Cairn, Curraghcloney, Co. Tipperary
Co. Tipperary |
Cairns
On a gently undulating, north-west-facing slope in the Tipperary uplands, four low mounds of stone sit clustered around a pair of standing stones, and nobody is entirely certain what to make of them.
The mounds are small, the largest measuring roughly 4.3 metres by 5.8 metres and rising only 43 centimetres from the pasture, the smallest barely a quarter of a metre high. They are unassuming things, easily mistaken for natural irregularities in the ground, and that ambiguity is precisely what makes them interesting.
The four cairns, a word simply describing a deliberate heap or mound of stones, are arranged in a loose arc to the north-west, north-north-west, and north-north-east of the standing stone pair, at distances ranging from 14 metres to 49 metres. Their relationship to those two upright stones is not fully understood.
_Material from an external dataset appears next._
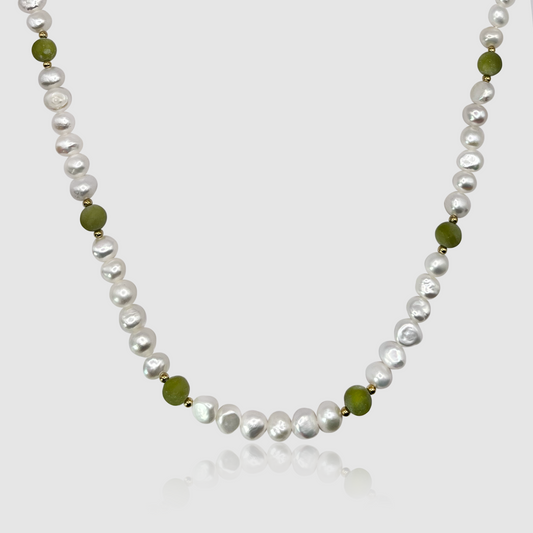 Collana di Perle Reali Verde Foresta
One possibility is that they are field clearance cairns, the accumulated result of farmers gathering surface stones to improve grazing land, a practice common across upland Ireland for centuries. If that is the case, they represent nothing more ceremonial than practical agriculture. But their proximity to the standing stone pair gives pause. Standing stone pairs, two upright stones set deliberately in alignment, are generally understood to be prehistoric in origin, associated broadly with the Bronze Age, and the question of whether these cairns predate, postdate, or were always simply incidental to those stones remains open.